_YOUR GOAL:_ Begin with the first line of the entries below and reproduce each line exactly, ending with the line that holds "Red Left Panel".

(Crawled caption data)
##########
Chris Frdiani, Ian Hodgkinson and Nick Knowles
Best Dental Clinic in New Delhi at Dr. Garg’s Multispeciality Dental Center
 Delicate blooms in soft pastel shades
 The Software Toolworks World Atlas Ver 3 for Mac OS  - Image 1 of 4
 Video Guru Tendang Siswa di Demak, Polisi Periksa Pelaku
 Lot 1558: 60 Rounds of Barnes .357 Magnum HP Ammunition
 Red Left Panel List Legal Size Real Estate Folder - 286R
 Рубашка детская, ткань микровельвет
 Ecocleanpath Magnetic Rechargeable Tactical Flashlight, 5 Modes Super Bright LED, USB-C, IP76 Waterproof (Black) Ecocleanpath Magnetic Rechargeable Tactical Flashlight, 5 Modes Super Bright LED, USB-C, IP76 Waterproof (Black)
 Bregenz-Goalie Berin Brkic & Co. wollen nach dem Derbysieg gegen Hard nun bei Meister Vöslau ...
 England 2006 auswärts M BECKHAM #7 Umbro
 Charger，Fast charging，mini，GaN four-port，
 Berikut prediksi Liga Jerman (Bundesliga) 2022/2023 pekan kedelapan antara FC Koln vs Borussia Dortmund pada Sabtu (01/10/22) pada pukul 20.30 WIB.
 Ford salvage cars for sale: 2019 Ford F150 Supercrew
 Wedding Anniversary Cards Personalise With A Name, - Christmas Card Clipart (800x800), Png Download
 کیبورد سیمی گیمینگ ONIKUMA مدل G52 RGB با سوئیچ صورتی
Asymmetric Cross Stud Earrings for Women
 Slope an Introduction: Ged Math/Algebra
##########
_RESULT FOR THIS TASK:_
Chris Frdiani, Ian Hodgkinson and Nick Knowles
Best Dental Clinic in New Delhi at Dr. Garg’s Multispeciality Dental Center
 Delicate blooms in soft pastel shades
 The Software Toolworks World Atlas Ver 3 for Mac OS  - Image 1 of 4
 Video Guru Tendang Siswa di Demak, Polisi Periksa Pelaku
 Lot 1558: 60 Rounds of Barnes .357 Magnum HP Ammunition
 Red Left Panel List Legal Size Real Estate Folder - 286R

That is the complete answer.